DIRECTIONS FOR THIS TASK -> Your answer must be an exact copy of the records, with no pictures included.

** Opening DATA SHOWN block **

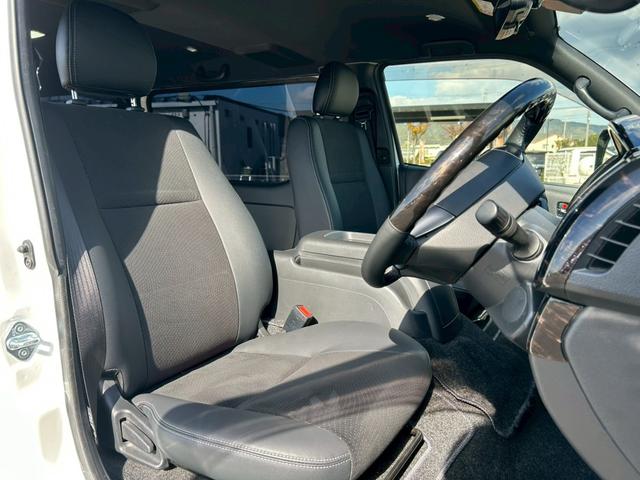 ハイエースバン スーパーGL ダークプライムII 寒冷地仕様/両側電動スライドドア/デジタルインナーミラー/AC100V電源/リアクーラースイッチ/パノラミックビューモニター/社外フロントスポイラー/禁煙車/トヨタセーフティーセンス/クリアランスソナ(33枚目)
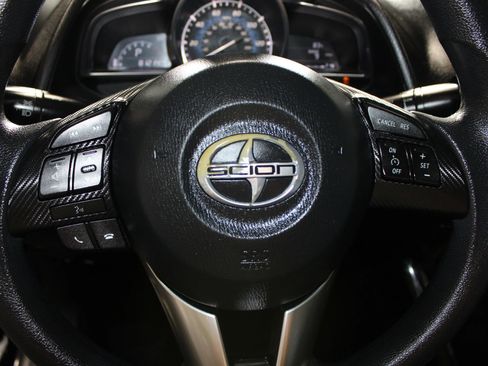 Used 2016 Scion iA FWD image 21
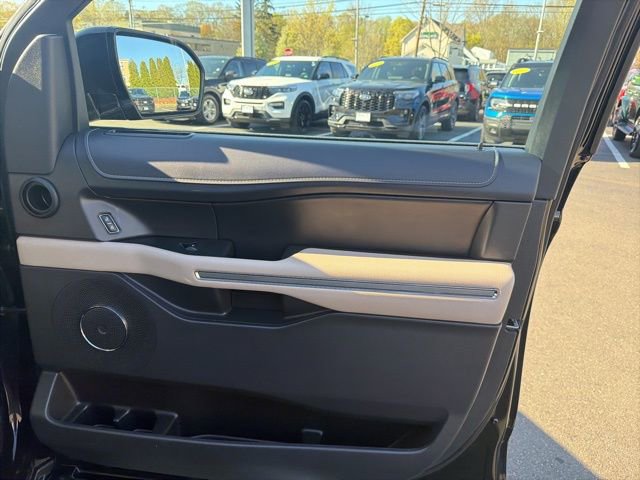 Used 2024 Ford Expedition Max XLT AWD/4WD image 11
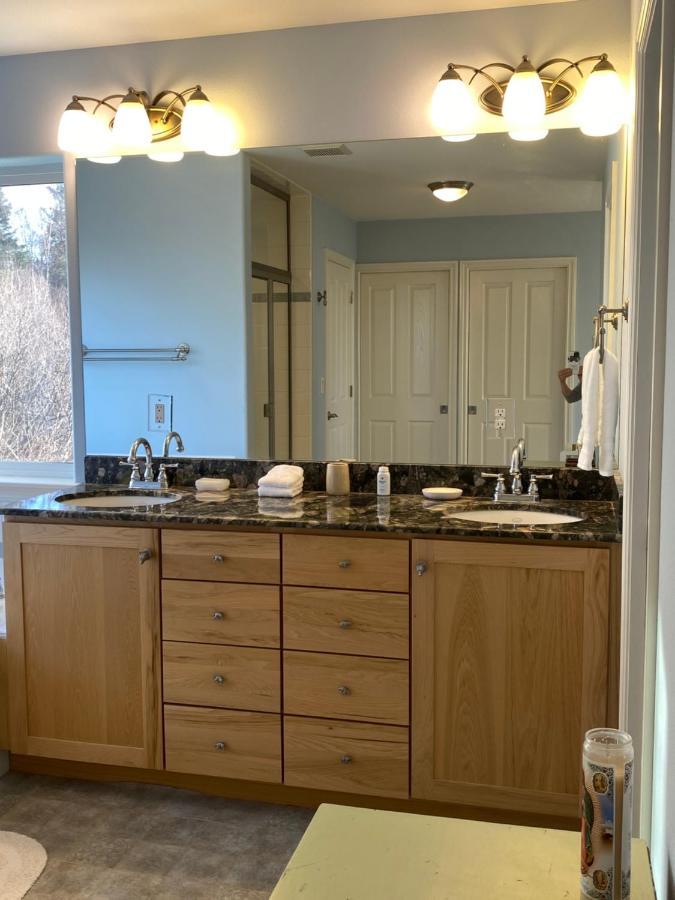 Frenchy'S Adventure Bed And Breakfast Anchorage Exterior foto
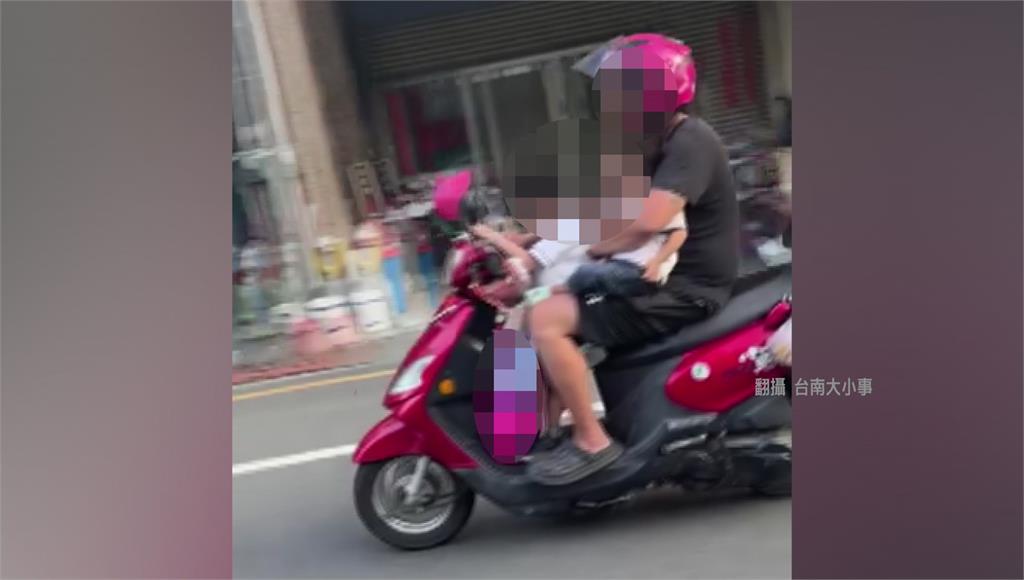 家長載兩童還單手騎車，超危險。圖／翻攝自台南大小事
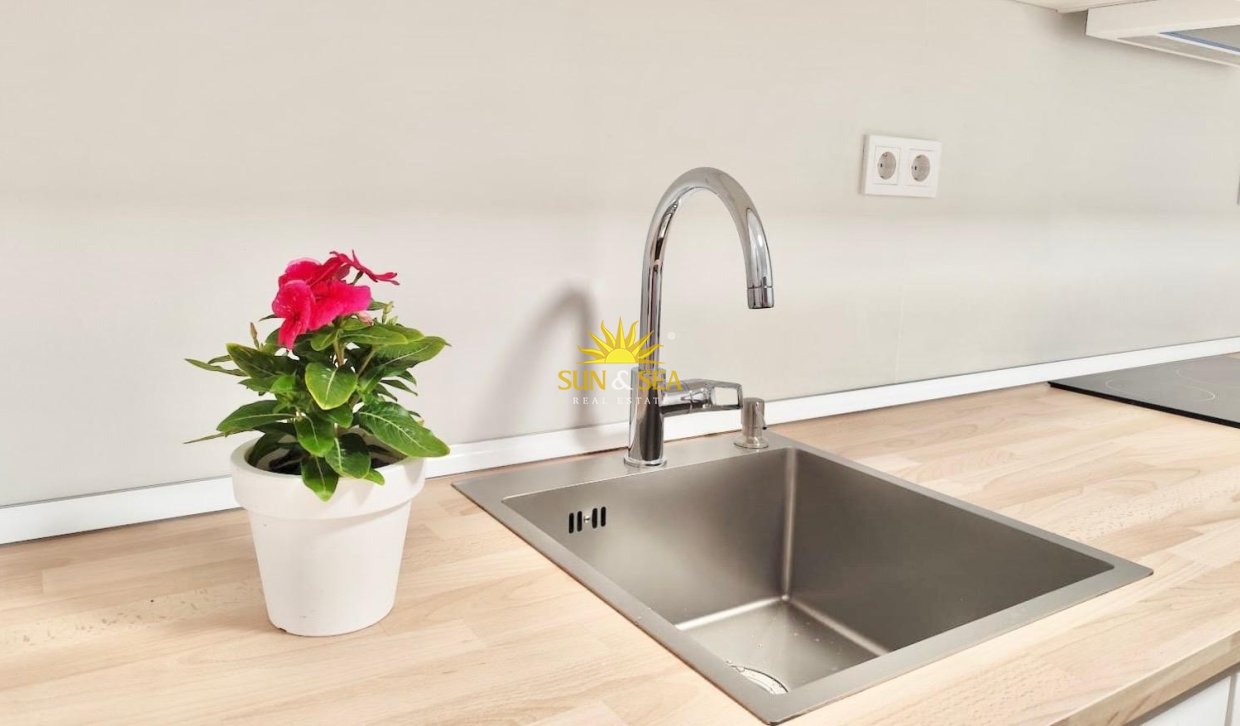 Alquiler a largo plazo - Apartamento - Alicante (Alacant)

** Closing DATA SHOWN block **

THE ANSWER ->
 ハイエースバン スーパーGL ダークプライムII 寒冷地仕様/両側電動スライドドア/デジタルインナーミラー/AC100V電源/リアクーラースイッチ/パノラミックビューモニター/社外フロントスポイラー/禁煙車/トヨタセーフティーセンス/クリアランスソナ(33枚目)
 Used 2016 Scion iA FWD image 21
 Used 2024 Ford Expedition Max XLT AWD/4WD image 11
 Frenchy'S Adventure Bed And Breakfast Anchorage Exterior foto
 家長載兩童還單手騎車，超危險。圖／翻攝自台南大小事
 Alquiler a largo plazo - Apartamento - Alicante (Alacant)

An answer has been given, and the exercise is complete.